Data excerpts START
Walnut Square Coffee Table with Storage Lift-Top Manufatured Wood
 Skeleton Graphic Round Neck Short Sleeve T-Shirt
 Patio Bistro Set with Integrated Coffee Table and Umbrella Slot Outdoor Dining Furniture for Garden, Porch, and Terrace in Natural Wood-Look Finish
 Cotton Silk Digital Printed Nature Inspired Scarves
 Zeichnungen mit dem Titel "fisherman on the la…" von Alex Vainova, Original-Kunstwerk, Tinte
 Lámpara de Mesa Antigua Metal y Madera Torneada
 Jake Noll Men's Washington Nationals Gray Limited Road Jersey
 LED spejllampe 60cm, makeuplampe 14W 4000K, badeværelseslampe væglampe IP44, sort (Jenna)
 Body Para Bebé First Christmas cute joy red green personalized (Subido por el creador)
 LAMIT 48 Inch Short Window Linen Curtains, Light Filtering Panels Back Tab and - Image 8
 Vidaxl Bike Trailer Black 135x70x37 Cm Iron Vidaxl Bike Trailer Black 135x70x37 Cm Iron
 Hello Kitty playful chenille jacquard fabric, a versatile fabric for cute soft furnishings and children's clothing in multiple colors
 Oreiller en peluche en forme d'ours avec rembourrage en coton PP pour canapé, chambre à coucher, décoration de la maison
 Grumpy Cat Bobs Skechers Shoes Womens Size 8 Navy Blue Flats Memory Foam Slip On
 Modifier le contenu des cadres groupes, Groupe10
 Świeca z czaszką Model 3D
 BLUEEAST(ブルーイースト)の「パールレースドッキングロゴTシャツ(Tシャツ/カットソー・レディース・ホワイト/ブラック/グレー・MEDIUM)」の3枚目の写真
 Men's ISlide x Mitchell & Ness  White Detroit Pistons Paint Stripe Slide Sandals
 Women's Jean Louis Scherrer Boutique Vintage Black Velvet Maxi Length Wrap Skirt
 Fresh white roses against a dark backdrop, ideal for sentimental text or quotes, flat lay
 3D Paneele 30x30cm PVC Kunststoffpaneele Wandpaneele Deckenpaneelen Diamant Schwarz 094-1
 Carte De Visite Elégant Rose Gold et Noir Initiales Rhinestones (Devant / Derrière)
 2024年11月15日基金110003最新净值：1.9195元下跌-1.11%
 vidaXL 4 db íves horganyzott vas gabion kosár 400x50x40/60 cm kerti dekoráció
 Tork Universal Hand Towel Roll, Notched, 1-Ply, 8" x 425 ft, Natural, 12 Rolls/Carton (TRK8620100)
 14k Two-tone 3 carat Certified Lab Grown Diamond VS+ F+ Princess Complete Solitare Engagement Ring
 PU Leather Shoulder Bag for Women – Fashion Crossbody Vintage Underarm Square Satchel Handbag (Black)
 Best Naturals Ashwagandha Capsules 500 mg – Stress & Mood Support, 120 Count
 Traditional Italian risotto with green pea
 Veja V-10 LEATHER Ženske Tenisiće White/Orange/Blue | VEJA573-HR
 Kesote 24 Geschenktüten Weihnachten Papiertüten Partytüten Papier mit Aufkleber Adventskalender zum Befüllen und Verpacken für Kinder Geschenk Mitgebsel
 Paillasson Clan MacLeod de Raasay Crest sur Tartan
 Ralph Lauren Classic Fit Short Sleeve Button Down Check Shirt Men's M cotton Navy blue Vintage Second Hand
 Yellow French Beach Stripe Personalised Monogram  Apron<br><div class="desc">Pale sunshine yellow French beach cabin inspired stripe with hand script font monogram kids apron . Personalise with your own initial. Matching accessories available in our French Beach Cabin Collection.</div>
Data excerpts END
- Your goal: Return exactly the lines above from the line that has "Hello Kitty playful" through the line that has "Traditional Italian risotto with green pea", inclusive, and nothing else.

- Finished exercise:
 Hello Kitty playful chenille jacquard fabric, a versatile fabric for cute soft furnishings and children's clothing in multiple colors
 Oreiller en peluche en forme d'ours avec rembourrage en coton PP pour canapé, chambre à coucher, décoration de la maison
 Grumpy Cat Bobs Skechers Shoes Womens Size 8 Navy Blue Flats Memory Foam Slip On
 Modifier le contenu des cadres groupes, Groupe10
 Świeca z czaszką Model 3D
 BLUEEAST(ブルーイースト)の「パールレースドッキングロゴTシャツ(Tシャツ/カットソー・レディース・ホワイト/ブラック/グレー・MEDIUM)」の3枚目の写真
 Men's ISlide x Mitchell & Ness  White Detroit Pistons Paint Stripe Slide Sandals
 Women's Jean Louis Scherrer Boutique Vintage Black Velvet Maxi Length Wrap Skirt
 Fresh white roses against a dark backdrop, ideal for sentimental text or quotes, flat lay
 3D Paneele 30x30cm PVC Kunststoffpaneele Wandpaneele Deckenpaneelen Diamant Schwarz 094-1
 Carte De Visite Elégant Rose Gold et Noir Initiales Rhinestones (Devant / Derrière)
 2024年11月15日基金110003最新净值：1.9195元下跌-1.11%
 vidaXL 4 db íves horganyzott vas gabion kosár 400x50x40/60 cm kerti dekoráció
 Tork Universal Hand Towel Roll, Notched, 1-Ply, 8" x 425 ft, Natural, 12 Rolls/Carton (TRK8620100)
 14k Two-tone 3 carat Certified Lab Grown Diamond VS+ F+ Princess Complete Solitare Engagement Ring
 PU Leather Shoulder Bag for Women – Fashion Crossbody Vintage Underarm Square Satchel Handbag (Black)
 Best Naturals Ashwagandha Capsules 500 mg – Stress & Mood Support, 120 Count
 Traditional Italian risotto with green pea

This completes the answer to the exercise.